Here we parameterize the expression type and add both `Let`

and `Var`

constructors to the language. Sharing expressions explicitly now takes a
slightly different form than in the HOAS version:

```
tree :: (Num a, Eq a) => a -> Expr b
tree 0 = 1
tree n = Let (tree (n - 1)) ((\shared -> shared + shared) . Var)
```

The `Var`

term wraps the intermediate computation, which is then passed to the
semantics-defining lambda.
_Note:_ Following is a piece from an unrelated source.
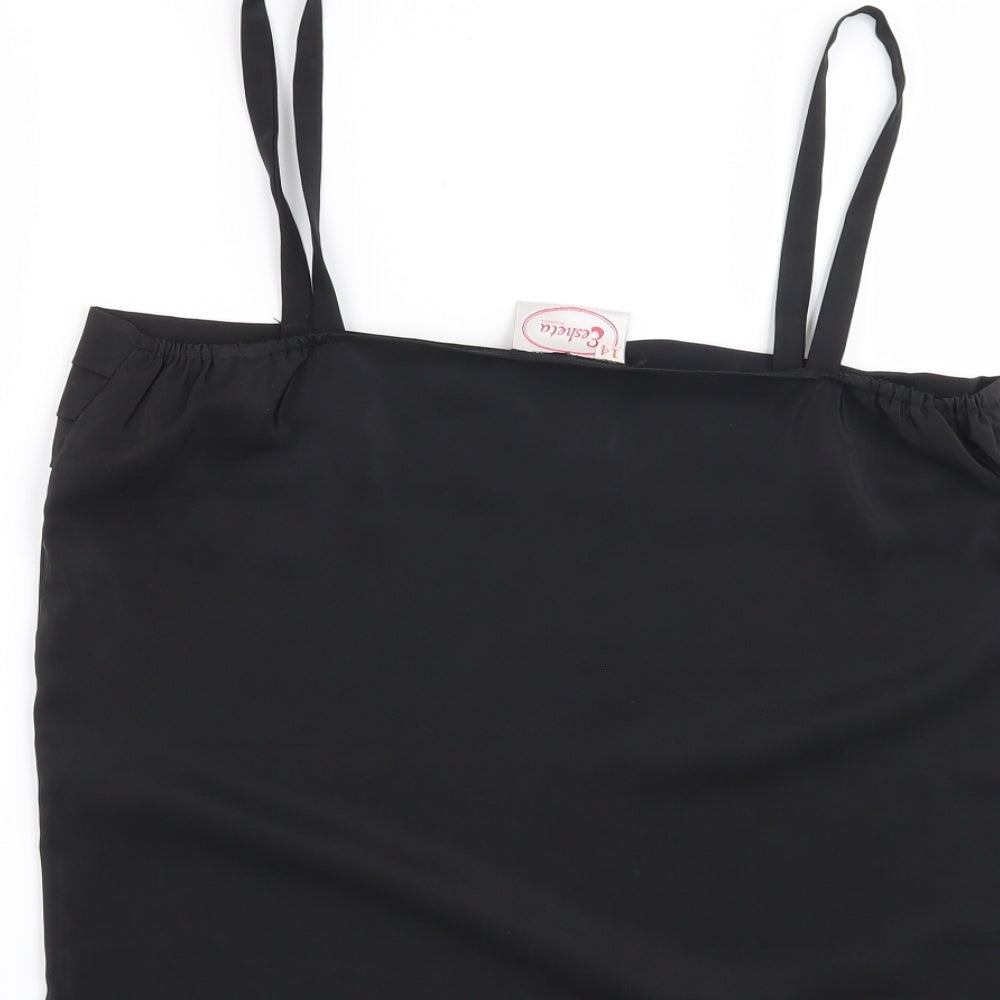 Preworn Womens Black   Basic Blouse Size 14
Sharing is again preserved in the language:

```
> eval $ tree 50
1125899906842624
```

Here, however, we don’t need the same kind of back-interpreter that we did when using HOAS. It’s easy to write a pretty-printer that observes sharing, for example (from here):

```
text e = go e 0 where
go (Lit j) _ = show j
go (Add e0 e1) c = "(Add " ++ go e0 c ++ " " ++ go e1 c ++ ")"
go (Var x) _ = x
go (Let e0 e1) c = "(Let " ++ v ++ " " ++ go e0 (c + 1) ++
" in " ++ go (e1 v) (c + 1) ++ ")"
where v = "v" ++ show c
```

Which yields the following string representation of our syntax:

```
> putStrLn . text $ tree 2
(Let v0 (Let v1 1 in (Add v1 v1)) in (Add v0 v0))
```

## Cluing up

I’ve gone over several methods of handling sharing in embedded languages: an external memoizer, observable (implicit) sharing, and adding explicit sharing via adding a HOAS or PHOAS let-binding to the original language. Some may be more convenient than others, depending on what you’re trying to do.

I’ve dumped code for the minimal, HOAS, and PHOAS examples in some gists.